What the heck?  This is the equivalent of a European indie bookstore tracking me down and asking me to put my self-published novel on their shelf.  That would never happen in traditional publishing.

At first I wondered if this was some weird kind of spam, so I googled them and came across a number of bloggers who’ve checked them out and say they’re legit.  I also contacted my friend and fellow writer, Rebecca M. Senese, and she also said that as far as she could tell they were legit.  I’m guessing that it’s no coincidence that I loaded Vampire Road to Smashwords yesterday and got the e-mail this morning.  I suspect they’ve got some smart program monitoring the new releases and somehow mining e-mail addresses out of author websites.

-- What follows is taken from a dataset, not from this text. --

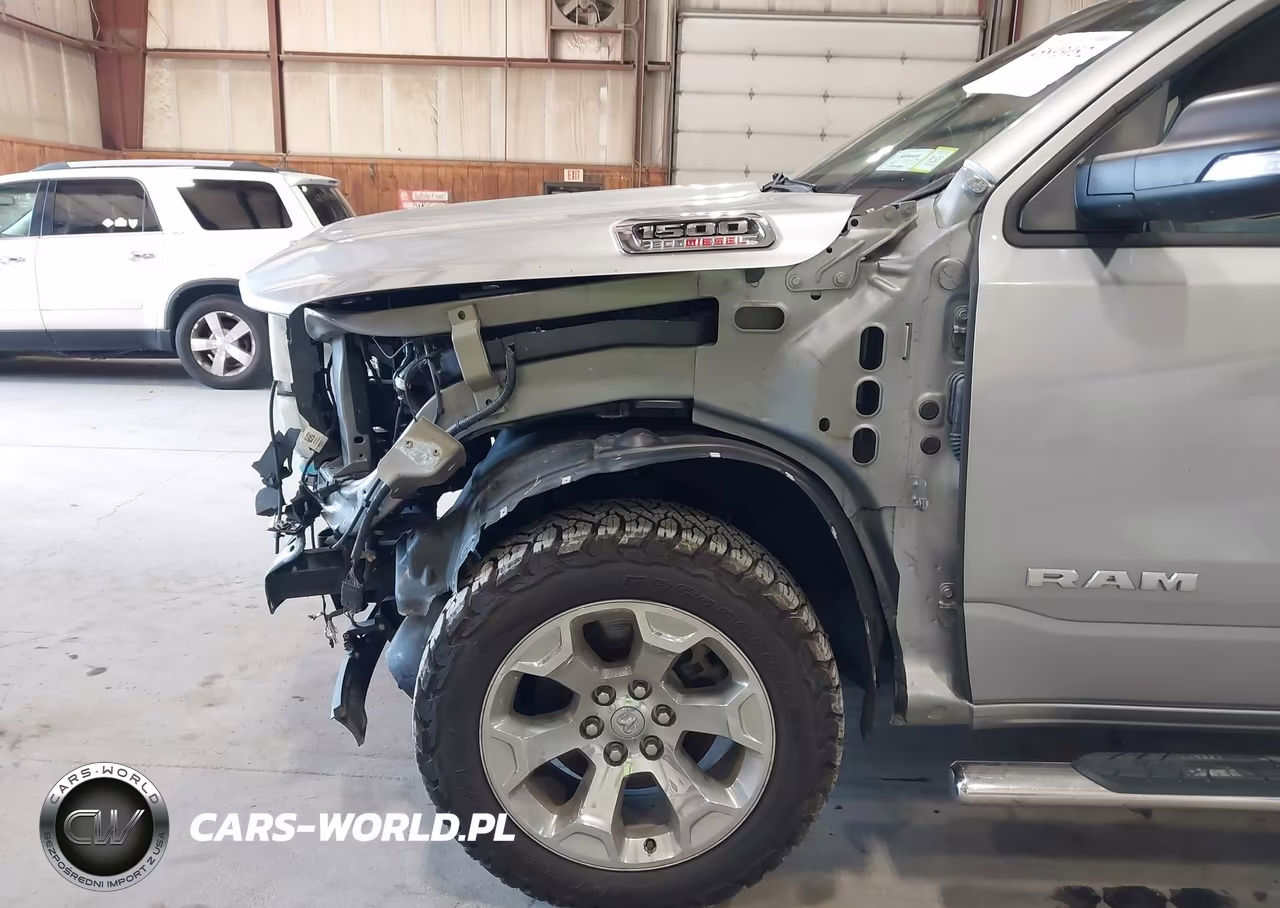 2021 Ram 1500 Big Horn 4X4 6'4 Box VIN:1C6SRFBM7MN831948 - 19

So I’ve got another platform on the list to add my books to.  Who knows, maybe my novels will take off in Germany.  Due South was successful there, and I worked on Due South.  Okay, that’s a crazy stretch, but my point is that you can never tell where the sales might come from, and the more places I have my novels for sale, the greater the chance that they’ll sell.

So I’m adding it to the list of platforms where I still have to upload Vampire Road and Summer of Bridges.  I like this new e-pub world.  Book retailers come looking for me.